Qwen2.5 Turbo (1M Context)

Following the release of Qwen2.5, the team responded to the community's demand for handling longer contexts. Over the past few months, significant optimizations have been made to enhance the model's capabilities and inference performance for extremely long contexts. Now, the team is proud to introduce the new Qwen2.5-Turbo model, featuring the following advancements:

Extended Context Support: The context length has been increased from 128k to 1M tokens, equivalent to approximately 1 million English words or 1.5 million Chinese characters. This capacity corresponds to 10 full-length novels, 150 hours of speech transcripts, or 30,000 lines of code. Qwen2.5-Turbo achieves 100% accuracy in the 1M-token Passkey Retrieval task and scores 93.1 on the RULER long-text evaluation benchmark, outperforming GPT-4 (91.6) and GLM4-9B-1M (89.9). Moreover, the model retains strong performance in short sequence tasks, comparable to GPT-4o-mini.

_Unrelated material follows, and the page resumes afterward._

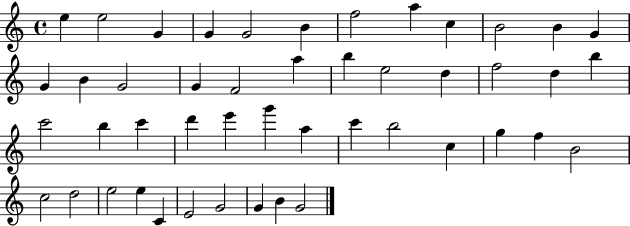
E5/q E5/h G4/q G4/q G4/h B4/q F5/h A5/q C5/q B4/h B4/q G4/q G4/q B4/q G4/h G4/q F4/h A5/q B5/q E5/h D5/q F5/h D5/q B5/q C6/h B5/q C6/q D6/q E6/q G6/q A5/q C6/q B5/h C5/q G5/q F5/q B4/h C5/h D5/h E5/h E5/q C4/q E4/h G4/h G4/q B4/q G4/h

Faster Inference Speed: Leveraging sparse attention mechanisms, the time to generate the first token for a 1M-token context has been reduced from 4.9 minutes to just 68 seconds, representing a 4.3x speed improvement.
Cost Efficiency: The pricing remains unchanged at $0.05 per 1M tokens. At this rate, Qwen2.5-Turbo processes 3.6 times more tokens than GPT-4o-mini for the same cost.